··· Supplied records ···

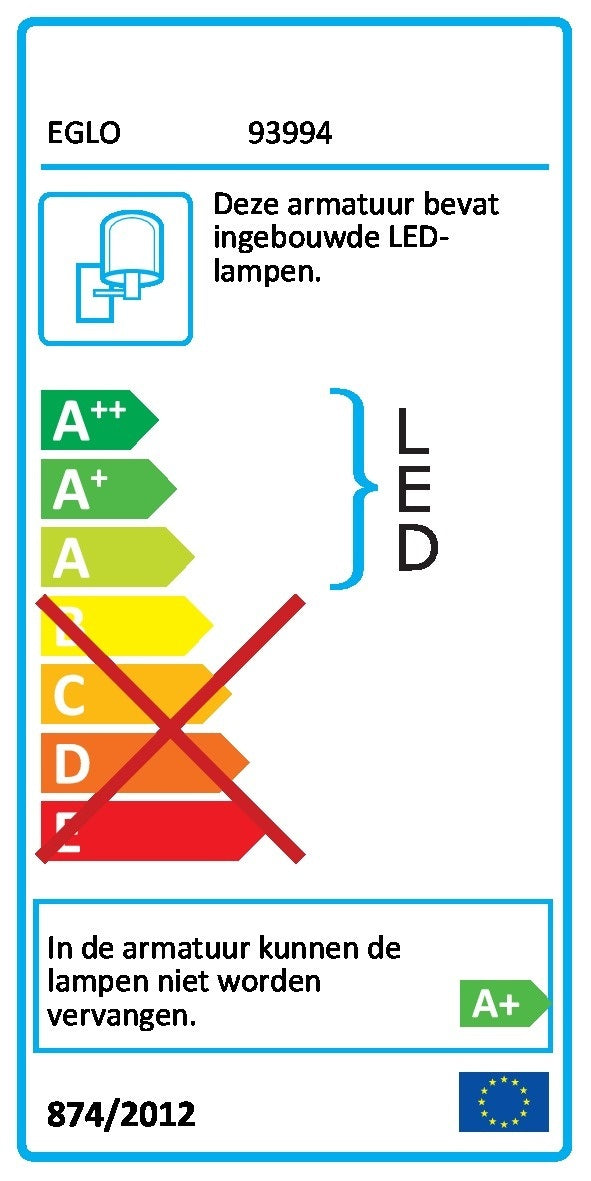 EGLO Predazzo LED Wandlamp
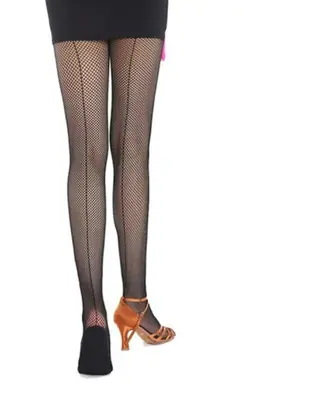 Collants de Danse Latine Professionnels - Résille & Antidérapant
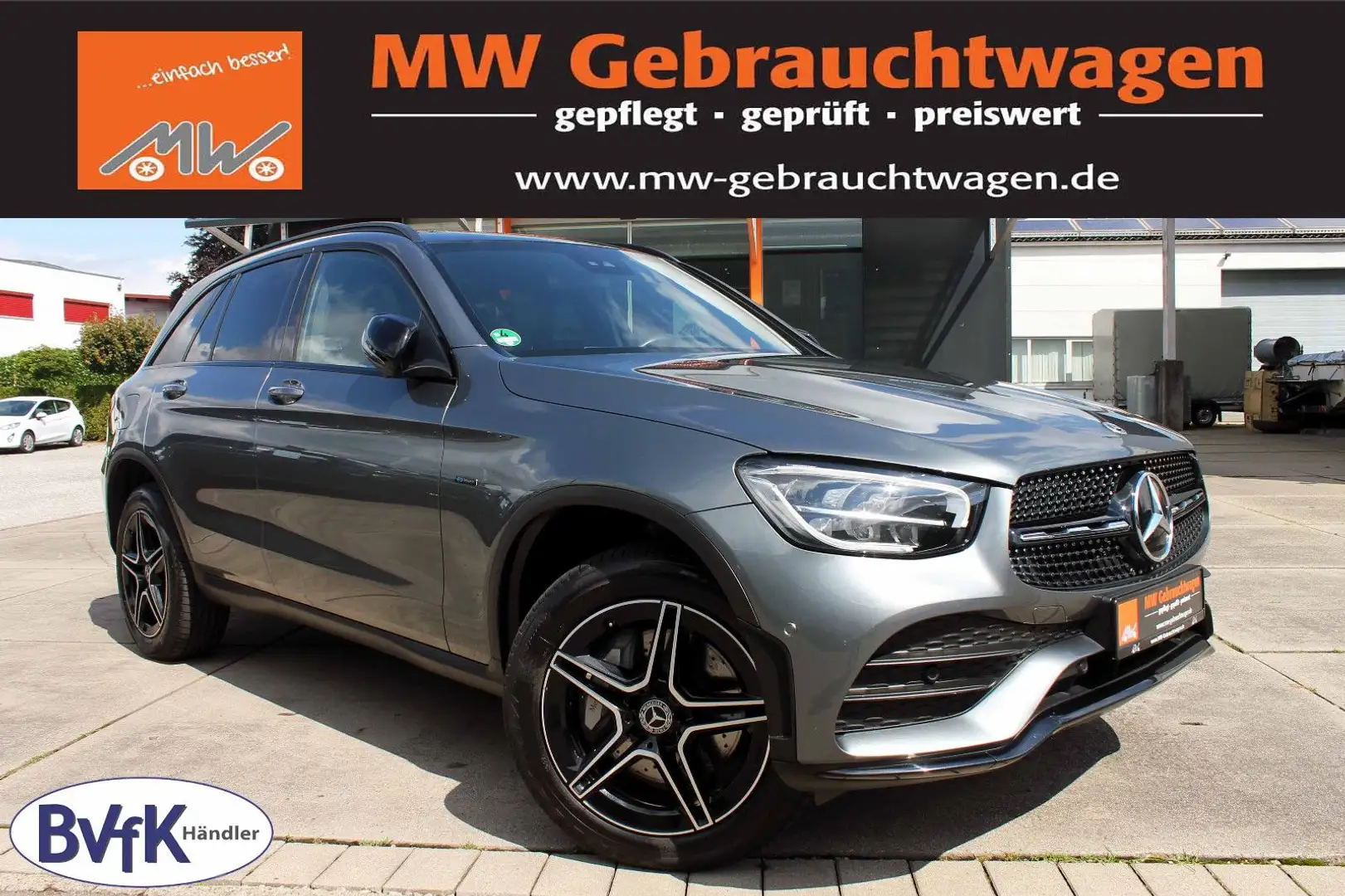 Mercedes-Benz GLC 300 de 4M 2XAMG ACC LED PANO SHZ KAM AHK Gris - 1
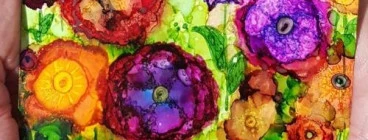 Alcohol Inks on Yupo Paper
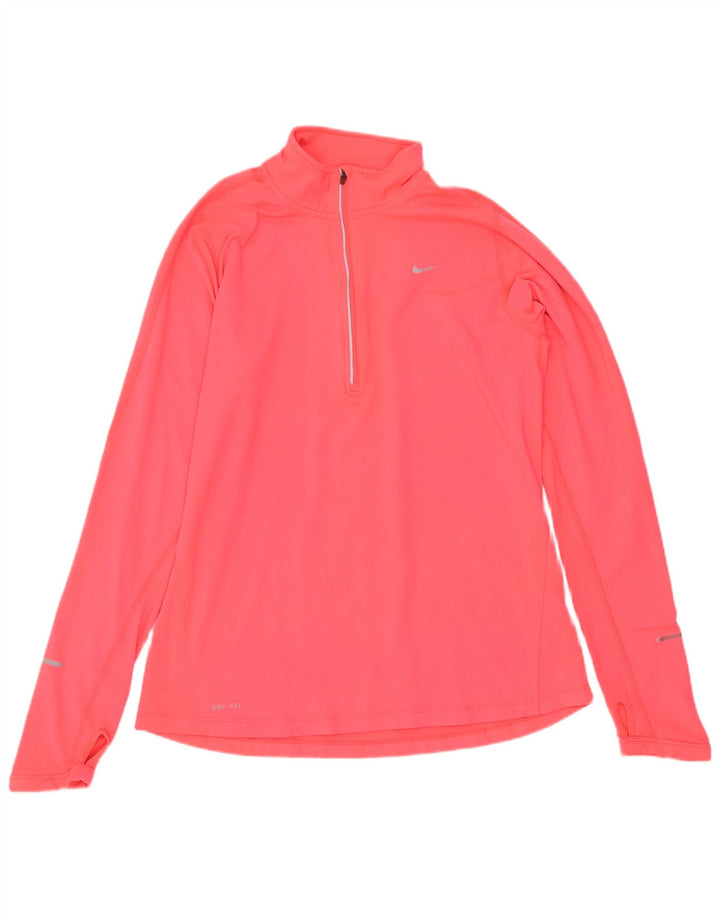 Nike Dri Fit - Chándal con cremallera y cuello para mujer, talla M, color rosa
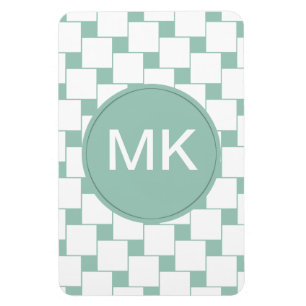 Magnet Flexible Fun tissé Carré Mint Green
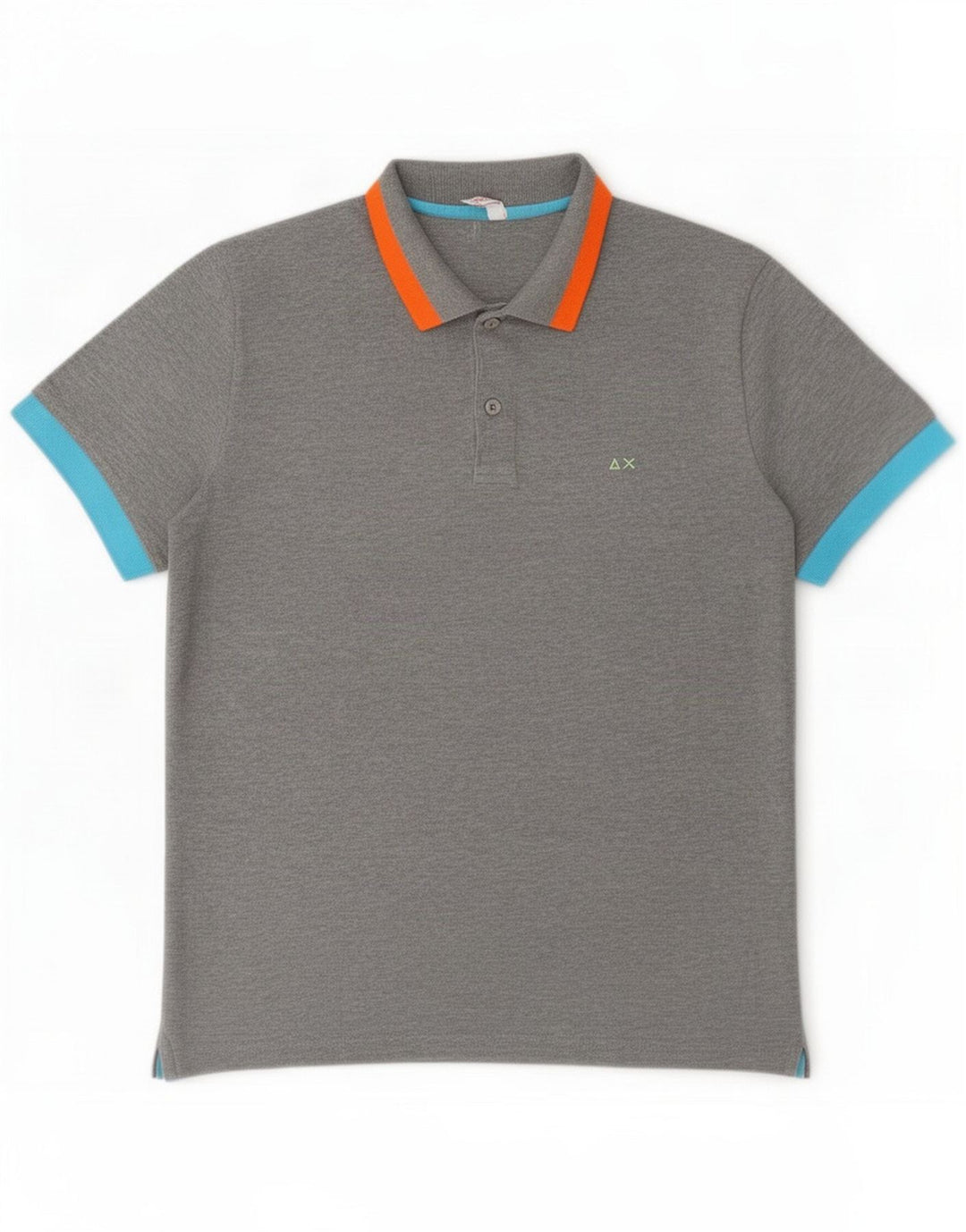 Sun68 Polo Homme Coton Gris Moyen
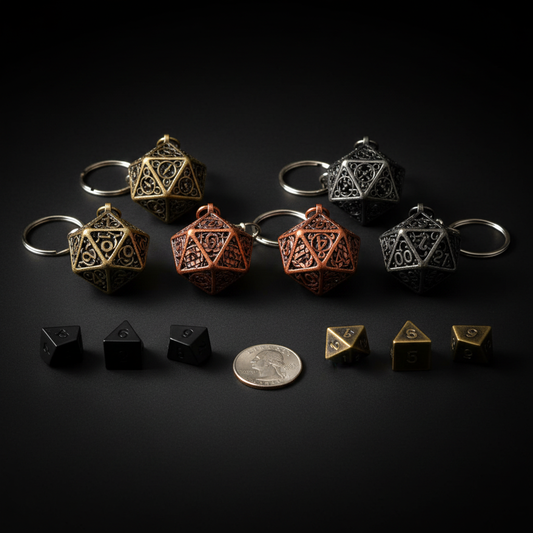 D&D Dice Keychains - Cleaned Up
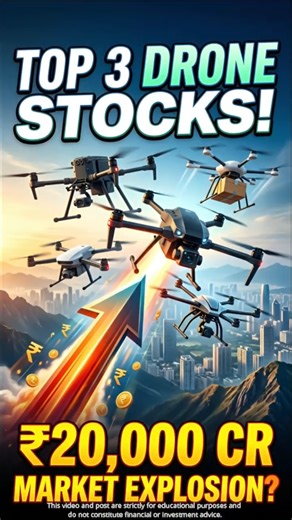 Top 3 Drone Stocks For Futuristic Growth 🚀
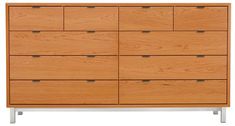 a large wooden dresser with many drawers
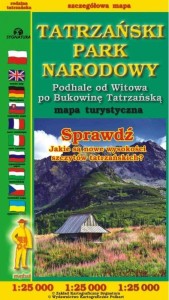MAPA TUR. - TATRZAŃSKI PARK NARODOWY 1:25 000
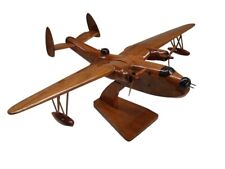 PBM Mariner Mahogany Wood Desktop Airplane Model picture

···

* Work to complete *
Every word of the material, and none of its pictures, should be set down again.

* The answer *
 EGLO Predazzo LED Wandlamp
 Collants de Danse Latine Professionnels - Résille & Antidérapant
 Mercedes-Benz GLC 300 de 4M 2XAMG ACC LED PANO SHZ KAM AHK Gris - 1
 Alcohol Inks on Yupo Paper
 Nike Dri Fit - Chándal con cremallera y cuello para mujer, talla M, color rosa
 Magnet Flexible Fun tissé Carré Mint Green
 Sun68 Polo Homme Coton Gris Moyen
 D&D Dice Keychains - Cleaned Up
 Top 3 Drone Stocks For Futuristic Growth 🚀
 a large wooden dresser with many drawers
MAPA TUR. - TATRZAŃSKI PARK NARODOWY 1:25 000
 PBM Mariner Mahogany Wood Desktop Airplane Model picture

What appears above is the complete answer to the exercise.